Procedural Standards and Compliance

A. Summary Judgment Standard of Review

A motion for summary judgment asks the Court to find that a trial is unnecessary because there is no genuine dispute as to any material fact and, instead, the movant is entitled to judgment as a matter of law. See Fed.R.Civ.P. 56(a). As the current version of Rule 56 makes clear, whether a party asserts that a fact is undisputed or genuinely disputed, the party must support the asserted fact by citing to particular parts of the record, including depositions, documents, or affidavits. Fed. R.Civ.P. 56(c)(1)(A). A party can also support a fact by showing that the materials cited do not establish the absence or presence of a genuine dispute or that the adverse party cannot produce admissible evi[845]*845dence to support the fact. Fed.R.Civ.P. 56(c)(1)(B).

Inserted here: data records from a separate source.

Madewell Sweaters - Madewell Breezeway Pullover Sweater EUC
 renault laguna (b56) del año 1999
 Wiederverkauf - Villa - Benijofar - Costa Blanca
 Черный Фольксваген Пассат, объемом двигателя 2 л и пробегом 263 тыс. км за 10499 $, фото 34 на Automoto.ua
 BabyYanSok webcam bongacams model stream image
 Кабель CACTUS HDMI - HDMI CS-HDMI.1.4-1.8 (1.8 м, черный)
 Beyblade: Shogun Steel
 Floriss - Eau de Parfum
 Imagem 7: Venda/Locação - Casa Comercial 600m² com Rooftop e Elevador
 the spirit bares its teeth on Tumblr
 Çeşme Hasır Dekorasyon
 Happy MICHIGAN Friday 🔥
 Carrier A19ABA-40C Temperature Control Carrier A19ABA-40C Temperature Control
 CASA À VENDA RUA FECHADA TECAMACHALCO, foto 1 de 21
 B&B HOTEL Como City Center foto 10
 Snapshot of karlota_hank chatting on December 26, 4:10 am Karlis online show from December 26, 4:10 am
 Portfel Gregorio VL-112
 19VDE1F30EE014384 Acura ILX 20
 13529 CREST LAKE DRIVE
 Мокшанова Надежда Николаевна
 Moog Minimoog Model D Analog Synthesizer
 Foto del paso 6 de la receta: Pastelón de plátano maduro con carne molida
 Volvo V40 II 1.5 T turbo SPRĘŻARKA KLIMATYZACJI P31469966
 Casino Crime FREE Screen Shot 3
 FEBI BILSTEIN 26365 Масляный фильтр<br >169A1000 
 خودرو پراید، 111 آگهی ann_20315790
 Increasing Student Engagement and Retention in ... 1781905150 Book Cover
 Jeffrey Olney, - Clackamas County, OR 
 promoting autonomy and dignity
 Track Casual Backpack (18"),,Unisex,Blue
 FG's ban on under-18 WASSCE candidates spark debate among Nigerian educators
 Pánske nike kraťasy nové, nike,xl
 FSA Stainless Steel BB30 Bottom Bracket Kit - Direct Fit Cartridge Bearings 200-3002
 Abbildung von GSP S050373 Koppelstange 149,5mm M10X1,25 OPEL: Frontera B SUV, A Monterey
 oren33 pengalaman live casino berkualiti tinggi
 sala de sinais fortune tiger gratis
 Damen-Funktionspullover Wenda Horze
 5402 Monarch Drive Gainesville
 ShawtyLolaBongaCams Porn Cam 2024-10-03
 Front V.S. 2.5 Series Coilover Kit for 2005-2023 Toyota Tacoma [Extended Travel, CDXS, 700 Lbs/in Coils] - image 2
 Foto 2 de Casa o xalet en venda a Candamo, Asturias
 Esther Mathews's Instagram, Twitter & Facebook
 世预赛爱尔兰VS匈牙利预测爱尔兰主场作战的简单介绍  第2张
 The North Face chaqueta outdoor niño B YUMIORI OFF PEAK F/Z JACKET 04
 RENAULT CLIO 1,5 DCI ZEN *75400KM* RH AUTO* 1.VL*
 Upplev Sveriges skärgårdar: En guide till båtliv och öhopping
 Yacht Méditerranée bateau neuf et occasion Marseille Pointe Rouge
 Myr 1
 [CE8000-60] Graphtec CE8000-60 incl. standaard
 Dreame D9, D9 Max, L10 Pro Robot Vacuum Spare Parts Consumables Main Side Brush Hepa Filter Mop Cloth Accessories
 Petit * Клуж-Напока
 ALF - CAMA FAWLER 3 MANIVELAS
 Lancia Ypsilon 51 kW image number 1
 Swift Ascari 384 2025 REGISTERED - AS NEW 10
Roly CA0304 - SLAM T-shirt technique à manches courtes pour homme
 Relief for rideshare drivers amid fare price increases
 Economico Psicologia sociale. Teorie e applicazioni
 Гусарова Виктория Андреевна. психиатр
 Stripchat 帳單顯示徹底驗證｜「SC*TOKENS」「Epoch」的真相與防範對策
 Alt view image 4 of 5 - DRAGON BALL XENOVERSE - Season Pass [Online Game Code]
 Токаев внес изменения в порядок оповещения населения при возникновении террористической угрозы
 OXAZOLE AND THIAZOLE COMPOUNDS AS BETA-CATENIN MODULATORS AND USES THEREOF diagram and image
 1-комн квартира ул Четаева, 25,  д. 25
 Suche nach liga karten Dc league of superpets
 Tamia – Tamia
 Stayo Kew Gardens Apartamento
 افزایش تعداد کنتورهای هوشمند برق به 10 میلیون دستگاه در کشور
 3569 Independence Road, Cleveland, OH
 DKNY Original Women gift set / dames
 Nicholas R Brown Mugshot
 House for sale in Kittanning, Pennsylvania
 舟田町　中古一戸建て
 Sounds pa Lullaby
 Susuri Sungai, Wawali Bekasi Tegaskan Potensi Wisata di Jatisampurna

Affidavits or declarations must be made on personal knowledge, set out facts that would be admissible in evidence, and show that the affiant is competent to testify on matters stated. Fed. R.Civ.P. 56(c)(4). Failure to properly support a fact in opposition to a movant’s factual assertion can result in the movant’s fact being considered undisputed, and potentially in the grant of summary judgment. Fed.R.Civ.P. 56(e).

In deciding a motion for summary judgment, the Court need only consider disputed facts that are material to the decision. A disputed fact is material if it might affect the outcome of the suit under the governing law. Hampton v. Ford Motor Co., 561 F.3d 709, 713 (7th Cir.2009). In other words, while there may be facts that are in dispute, summary judgment is appropriate if those facts are not outcome determinative. Harper v. Vigilant Ins. Co., 433 F.3d 521, 525 (7th Cir.2005). Fact disputes that are irrelevant to the legal question will not be considered. Anderson v. Liberty Lobby, Inc., 477 U.S. 242, 248, 106 S.Ct. 2505, 91 L.Ed.2d 202 (1986).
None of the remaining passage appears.